Over the next five years, which four sectors are set to dominate employment, and which will be the most ‘future-proof’ jobs? Also, which industries are set to decline by 2023? Published in The New Daily on 1 February 2019, this article draws upon data from the Department of Jobs and Small Business and new analysis by Sydney-based firm McCrindle to answer these questions and offer suggestions on how to ‘future proof’ your career.

One suggestion is to choose a job in one of the sectors tipped to grow over the next five years. Also, if you are keen to protect your livelihood from the threat of automation, choose a job where humans aren’t in danger of being replaced by robots; for example, jobs relying on people skills, creativity, and which require advanced decision-making.
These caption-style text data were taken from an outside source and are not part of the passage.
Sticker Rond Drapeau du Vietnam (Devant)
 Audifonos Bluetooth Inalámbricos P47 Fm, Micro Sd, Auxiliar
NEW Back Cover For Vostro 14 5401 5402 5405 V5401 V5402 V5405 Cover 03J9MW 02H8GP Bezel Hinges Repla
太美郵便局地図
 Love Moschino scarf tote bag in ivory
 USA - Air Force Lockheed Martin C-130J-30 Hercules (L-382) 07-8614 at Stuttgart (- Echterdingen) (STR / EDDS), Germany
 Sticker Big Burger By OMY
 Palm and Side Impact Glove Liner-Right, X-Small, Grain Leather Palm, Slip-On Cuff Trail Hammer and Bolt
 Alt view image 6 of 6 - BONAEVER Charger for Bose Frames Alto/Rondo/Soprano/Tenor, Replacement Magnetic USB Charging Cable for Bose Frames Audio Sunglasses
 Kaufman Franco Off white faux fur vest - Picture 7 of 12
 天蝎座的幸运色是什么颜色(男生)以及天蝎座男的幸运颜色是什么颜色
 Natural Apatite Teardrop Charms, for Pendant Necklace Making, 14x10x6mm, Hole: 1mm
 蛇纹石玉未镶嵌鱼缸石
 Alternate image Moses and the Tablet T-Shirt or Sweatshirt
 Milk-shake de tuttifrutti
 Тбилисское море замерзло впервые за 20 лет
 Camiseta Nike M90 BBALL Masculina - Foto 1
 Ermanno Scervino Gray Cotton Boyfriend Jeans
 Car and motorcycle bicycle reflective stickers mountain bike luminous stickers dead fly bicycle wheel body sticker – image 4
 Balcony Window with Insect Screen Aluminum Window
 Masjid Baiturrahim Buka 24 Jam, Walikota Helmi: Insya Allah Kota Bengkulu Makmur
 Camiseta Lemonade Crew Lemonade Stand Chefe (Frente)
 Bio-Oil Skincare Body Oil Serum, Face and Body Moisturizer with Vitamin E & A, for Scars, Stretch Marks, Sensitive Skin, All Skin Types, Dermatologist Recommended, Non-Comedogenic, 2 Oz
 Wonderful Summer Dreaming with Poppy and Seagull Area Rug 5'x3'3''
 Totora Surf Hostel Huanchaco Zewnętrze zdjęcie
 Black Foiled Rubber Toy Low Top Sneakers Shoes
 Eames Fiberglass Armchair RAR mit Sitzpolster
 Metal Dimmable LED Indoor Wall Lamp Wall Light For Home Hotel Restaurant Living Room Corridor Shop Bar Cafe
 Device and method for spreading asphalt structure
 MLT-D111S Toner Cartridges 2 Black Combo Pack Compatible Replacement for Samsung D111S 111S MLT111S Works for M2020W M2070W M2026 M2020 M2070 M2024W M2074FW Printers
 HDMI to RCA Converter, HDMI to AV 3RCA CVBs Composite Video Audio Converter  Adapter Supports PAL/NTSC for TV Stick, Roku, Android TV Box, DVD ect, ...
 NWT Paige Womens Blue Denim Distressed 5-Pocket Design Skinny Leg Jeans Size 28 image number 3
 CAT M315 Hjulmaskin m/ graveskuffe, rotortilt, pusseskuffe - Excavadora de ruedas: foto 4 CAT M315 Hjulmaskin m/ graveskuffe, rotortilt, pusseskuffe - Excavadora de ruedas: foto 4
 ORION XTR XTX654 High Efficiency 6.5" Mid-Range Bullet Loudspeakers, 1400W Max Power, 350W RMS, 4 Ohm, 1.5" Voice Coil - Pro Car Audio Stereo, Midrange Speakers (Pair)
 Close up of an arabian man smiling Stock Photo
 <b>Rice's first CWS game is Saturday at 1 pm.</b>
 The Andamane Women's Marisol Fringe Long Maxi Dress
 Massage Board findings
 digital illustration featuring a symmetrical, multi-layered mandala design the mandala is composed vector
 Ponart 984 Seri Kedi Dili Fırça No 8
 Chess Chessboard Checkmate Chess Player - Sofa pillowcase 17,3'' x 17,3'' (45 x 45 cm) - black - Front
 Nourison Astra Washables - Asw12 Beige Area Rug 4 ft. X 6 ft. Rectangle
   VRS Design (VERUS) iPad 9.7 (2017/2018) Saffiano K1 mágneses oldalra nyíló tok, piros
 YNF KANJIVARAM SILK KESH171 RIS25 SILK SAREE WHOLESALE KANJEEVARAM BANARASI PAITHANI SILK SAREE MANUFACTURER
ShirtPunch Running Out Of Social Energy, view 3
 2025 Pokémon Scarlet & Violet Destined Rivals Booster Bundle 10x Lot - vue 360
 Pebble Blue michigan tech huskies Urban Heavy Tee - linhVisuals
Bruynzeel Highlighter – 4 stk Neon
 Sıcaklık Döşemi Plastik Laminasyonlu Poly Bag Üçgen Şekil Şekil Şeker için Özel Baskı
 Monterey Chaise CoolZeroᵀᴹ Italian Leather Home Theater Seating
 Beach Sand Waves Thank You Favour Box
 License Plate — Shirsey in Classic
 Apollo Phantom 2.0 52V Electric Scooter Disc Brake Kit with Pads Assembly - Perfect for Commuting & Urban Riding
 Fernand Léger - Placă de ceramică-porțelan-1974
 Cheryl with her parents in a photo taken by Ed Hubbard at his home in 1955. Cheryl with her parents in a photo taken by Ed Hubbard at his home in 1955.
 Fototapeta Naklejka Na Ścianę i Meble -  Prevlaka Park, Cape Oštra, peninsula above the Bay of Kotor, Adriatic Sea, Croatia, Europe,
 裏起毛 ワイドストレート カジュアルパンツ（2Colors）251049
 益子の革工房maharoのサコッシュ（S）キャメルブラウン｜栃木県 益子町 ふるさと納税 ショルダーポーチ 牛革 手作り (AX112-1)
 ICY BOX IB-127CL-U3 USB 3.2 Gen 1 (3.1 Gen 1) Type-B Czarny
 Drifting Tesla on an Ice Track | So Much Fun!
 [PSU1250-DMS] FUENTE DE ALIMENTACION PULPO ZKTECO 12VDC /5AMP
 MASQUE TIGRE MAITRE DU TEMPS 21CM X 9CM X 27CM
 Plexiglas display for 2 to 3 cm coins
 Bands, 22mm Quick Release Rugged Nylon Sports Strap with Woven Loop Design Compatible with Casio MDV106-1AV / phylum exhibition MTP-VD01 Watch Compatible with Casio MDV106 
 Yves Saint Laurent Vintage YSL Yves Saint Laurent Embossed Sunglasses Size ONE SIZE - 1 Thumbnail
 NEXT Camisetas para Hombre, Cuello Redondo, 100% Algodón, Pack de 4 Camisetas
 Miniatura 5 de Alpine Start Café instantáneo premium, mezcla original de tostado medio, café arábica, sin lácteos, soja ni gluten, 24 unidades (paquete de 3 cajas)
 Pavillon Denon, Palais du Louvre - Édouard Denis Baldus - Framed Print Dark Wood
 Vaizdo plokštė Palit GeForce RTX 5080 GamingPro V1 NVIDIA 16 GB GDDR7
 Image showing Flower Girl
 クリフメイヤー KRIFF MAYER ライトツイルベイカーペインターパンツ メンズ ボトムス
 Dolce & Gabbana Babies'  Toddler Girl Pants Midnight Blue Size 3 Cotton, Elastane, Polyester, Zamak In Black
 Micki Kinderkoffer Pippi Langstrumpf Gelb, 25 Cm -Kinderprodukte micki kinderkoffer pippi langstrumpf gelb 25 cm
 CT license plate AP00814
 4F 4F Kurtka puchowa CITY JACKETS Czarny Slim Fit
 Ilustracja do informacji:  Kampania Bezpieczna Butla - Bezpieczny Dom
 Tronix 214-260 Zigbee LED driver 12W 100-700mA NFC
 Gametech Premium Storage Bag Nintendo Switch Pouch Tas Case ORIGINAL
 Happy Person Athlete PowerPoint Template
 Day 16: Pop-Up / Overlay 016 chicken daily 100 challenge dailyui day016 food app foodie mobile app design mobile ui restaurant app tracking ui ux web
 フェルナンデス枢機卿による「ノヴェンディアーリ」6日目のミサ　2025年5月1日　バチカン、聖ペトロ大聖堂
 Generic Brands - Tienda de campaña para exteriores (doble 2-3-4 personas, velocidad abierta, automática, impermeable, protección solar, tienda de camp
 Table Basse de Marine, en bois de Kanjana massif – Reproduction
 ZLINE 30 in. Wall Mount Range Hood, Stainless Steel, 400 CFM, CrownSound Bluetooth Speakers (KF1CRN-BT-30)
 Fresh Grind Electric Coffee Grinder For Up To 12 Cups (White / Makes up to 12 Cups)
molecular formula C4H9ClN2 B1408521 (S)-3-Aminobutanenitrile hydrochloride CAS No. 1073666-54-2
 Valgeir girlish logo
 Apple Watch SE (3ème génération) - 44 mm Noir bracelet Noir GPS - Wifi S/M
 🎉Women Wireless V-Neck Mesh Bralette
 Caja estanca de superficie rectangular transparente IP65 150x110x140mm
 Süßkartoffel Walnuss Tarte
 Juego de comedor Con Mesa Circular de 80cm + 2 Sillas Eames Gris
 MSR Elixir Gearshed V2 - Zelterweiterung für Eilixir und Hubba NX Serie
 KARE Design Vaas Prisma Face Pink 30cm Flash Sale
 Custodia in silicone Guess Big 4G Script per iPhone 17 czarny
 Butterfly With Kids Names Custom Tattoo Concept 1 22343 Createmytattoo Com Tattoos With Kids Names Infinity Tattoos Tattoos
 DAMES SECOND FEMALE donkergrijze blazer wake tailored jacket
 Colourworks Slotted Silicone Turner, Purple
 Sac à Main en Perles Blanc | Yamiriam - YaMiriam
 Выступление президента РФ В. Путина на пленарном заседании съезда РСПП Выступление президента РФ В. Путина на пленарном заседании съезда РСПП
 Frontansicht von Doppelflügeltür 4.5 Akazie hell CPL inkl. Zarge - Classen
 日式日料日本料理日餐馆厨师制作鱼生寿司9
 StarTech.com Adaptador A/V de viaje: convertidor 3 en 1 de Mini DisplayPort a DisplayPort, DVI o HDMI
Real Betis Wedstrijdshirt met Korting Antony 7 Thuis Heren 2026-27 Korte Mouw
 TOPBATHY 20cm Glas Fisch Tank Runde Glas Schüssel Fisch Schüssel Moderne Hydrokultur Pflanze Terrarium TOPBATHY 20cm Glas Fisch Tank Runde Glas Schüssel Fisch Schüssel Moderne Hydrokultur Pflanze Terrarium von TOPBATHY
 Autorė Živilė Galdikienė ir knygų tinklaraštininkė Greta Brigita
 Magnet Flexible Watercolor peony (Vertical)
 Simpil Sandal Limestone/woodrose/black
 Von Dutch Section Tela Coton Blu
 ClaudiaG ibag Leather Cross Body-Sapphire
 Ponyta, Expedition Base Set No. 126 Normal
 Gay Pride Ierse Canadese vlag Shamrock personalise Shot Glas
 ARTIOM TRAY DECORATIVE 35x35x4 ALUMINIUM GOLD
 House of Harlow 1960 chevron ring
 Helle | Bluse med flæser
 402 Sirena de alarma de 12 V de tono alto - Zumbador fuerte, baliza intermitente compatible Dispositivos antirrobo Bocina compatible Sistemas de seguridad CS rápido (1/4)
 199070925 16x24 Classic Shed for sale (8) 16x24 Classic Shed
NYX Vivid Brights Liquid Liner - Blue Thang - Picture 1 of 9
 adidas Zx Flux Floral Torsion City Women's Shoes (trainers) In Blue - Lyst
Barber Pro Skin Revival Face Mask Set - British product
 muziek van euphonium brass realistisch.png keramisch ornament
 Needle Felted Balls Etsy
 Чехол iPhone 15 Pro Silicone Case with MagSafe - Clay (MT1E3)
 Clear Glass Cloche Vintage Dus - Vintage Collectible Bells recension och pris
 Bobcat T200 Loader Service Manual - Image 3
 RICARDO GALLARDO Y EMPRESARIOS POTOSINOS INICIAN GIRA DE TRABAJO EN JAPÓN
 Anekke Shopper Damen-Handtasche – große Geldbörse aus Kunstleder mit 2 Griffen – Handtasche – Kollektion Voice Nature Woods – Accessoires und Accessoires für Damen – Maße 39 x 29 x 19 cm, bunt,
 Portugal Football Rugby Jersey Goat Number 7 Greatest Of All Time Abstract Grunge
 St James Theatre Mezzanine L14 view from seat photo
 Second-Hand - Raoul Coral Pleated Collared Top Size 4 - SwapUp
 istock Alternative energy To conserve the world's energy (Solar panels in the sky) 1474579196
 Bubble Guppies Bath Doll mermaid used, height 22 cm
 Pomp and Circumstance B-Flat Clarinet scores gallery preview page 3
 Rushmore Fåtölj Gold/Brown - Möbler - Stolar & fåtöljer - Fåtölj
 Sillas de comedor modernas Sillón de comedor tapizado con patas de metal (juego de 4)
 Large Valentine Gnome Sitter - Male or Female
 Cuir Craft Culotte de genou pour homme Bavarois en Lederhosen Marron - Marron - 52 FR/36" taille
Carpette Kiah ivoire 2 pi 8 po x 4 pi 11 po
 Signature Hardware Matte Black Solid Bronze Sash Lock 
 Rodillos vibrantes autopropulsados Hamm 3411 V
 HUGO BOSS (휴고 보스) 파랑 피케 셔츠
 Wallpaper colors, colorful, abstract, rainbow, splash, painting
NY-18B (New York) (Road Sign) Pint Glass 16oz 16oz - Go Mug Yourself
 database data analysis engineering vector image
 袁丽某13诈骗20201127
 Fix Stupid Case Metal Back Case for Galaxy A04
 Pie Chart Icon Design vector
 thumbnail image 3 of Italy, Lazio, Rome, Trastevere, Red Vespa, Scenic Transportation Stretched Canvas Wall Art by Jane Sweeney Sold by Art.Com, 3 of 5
Thirdly, invest in transferable skills such as communication skills and management and leadership.

According to social analyst Mark McCrindle, ‘It is prudent for young people and their parents to take these projections into account as they plan school and university subjects and career paths. The advice to “just follow your passion” could be enhanced by looking at what jobs are experiencing growth trends to line up one’s passion with reality.’

The types of jobs 7–11 year olds are choosing are similar to those of 17–18 year olds, according to new analysis by UK charity Education and Employers—see World Economic Forum article from 22 January 2019. Culture, media and sport occupations were the top choices of job types, according to the analysis that examined the career aspirations of young people in the UK and mapped these against projected labour market demand. The narrow spectrum of aspirations was described as ‘particularly worrying since previous research has shown that there is statistically “nothing in common” between teenagers’ career ambitions and projected labour market demand.’

The author, CEO of Education and Employers, noted that teenagers’ aspirations often do not match up with their knowledge and expectation of the level of education needed. ‘Commonly, young people are unable to understand the breadth of ultimate job opportunities across the economy, leading them to potentially identify unrealistic career aspirations.’ He referred to previous research that suggested that teenagers who underestimate the qualifications needed for their desired profession are more likely to be unemployed in their early 20s. ‘We now know that this mismatch is set at a young age and heavily influenced by socio-economic background, gender and the role models seen by children.’

So, given that gender stereotyping about jobs starts at a young age and is a global phenomenon, how can we open our children’s eyes to an amazing world of possibilities? One way is to enable children to meet a range of people and have the opportunity to ask them questions about their jobs and career routes. ‘This kind of interaction between volunteers from the world of work, and young people, helps increase motivation, raises awareness about different jobs and the skills needed, and challenges stereotypes.’